DOCENG 2019: 19TH ACM SYMPOSIUM ON DOCUMENT ENGINEERING
PROGRAM FOR WEDNESDAY, SEPTEMBER 25TH
Days:
previous day
next day
all days

View: session overviewtalk overview

09:40-10:30 Session 15
09:40
Searching and Ranking Questionnaires: an Approach to Calculate Similarity Between Questionnaires

ABSTRACT. Questionnaires are useful tools for research purposes and are generally used for collecting information about a population of interest, by focusing on different intentions. During the questionnaire project, or for sharing data purposes, it may be useful to check if there is already a questionnaire with the same intention as that being carried out. Well-designed questions can induce respondents to provide better answers. However, examining research questionnaires is not a trivial task since a question can be structured in different ways.
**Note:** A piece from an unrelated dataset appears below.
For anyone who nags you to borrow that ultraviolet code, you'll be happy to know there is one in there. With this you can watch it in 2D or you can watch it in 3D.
In this paper, we propose a similarity measure to match questionnaires that are characterized by the heterogeneity of their questions and to provide a ranking method based on variations of a given query. In determining the effectiveness of this approach, we evaluated it through an experimental study, using recall, precision, f-value, MAP and NDGC, and this enabled us to obtain more effective results than other proposals.

10:05
Multi-Layered Edits for Meaningful Interpretation of Textual Differences

ABSTRACT. The way humans and algorithms look at and understand differences between versions and variants of the same text may be very different. While correctness and overall byte length are fundamental aspects of good outputs of diff algorithms, they do not usually provide immediately interesting values for humans trying to make sense of the events that lead from one version to another of a text.
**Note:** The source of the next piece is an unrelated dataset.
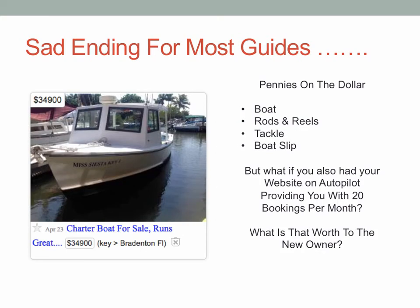The money is in the list. It's really sad that most guides and charters at the end of their career only have a bunch of stuff to sell. I pulled this off Craigslist — here's a charter captain selling his boat for about $35,000. He probably also has some rods, reels, tackle, and maybe a boat slip. Maybe he'll get $50,000 to $60,000 for his business. But if he had a website producing an average of 20 bookings per month automatically, that would be an extremely valuable asset to pass along with the business.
In this paper we propose 3-edit, a layered model to group and organize individual differences (i.e., edits) between document versions in a conceptual value-based scaffolding that provides an easier and more approachable characterization of the modifications occurred to a text document. Through the structural and semantic classification of the individual edits, it becomes possible to differentiate between modifications, so as to show them differently, show only some of them, or emphasize some of them, so that the human mind can more easily identify the types of modifications that matter for its reading purpose.
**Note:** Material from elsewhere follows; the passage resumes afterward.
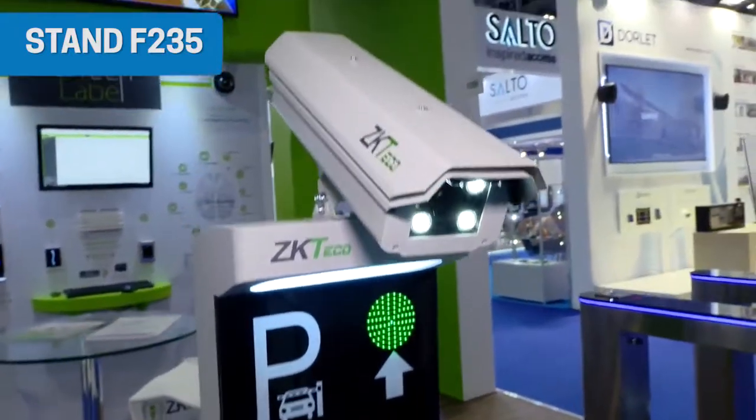Why is it so important for you to be at this event? IFSEC is the main event for us in Europe. We also do ISC Las Vegas, which is the other big one, and others in Asia. But this is our seventh year at IFSEC, and it is the most important security event as far as Europe goes.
An algorithm that provides structural and semantic grouping of basic mechanical INS/DEL edits is described as well.

10:30-11:00Coffee Break
11:00-12:30 Session 16
11:00
Predictable and Consistent Information Extraction

ABSTRACT. Information extraction programs (extractors) can be applied to documents to isolate structured versions of some content, that is, to create tabular records corresponding to facts found in the documents. If the data in an extracted table needs to be updated for any reason (for example, as a result of data cleaning), the source document will no longer be synchronized with the data. But documentsare the principal medium for sharing information among humans. We therefore wish to ensure that changes to extracted tables are reflected correctly in their source documents.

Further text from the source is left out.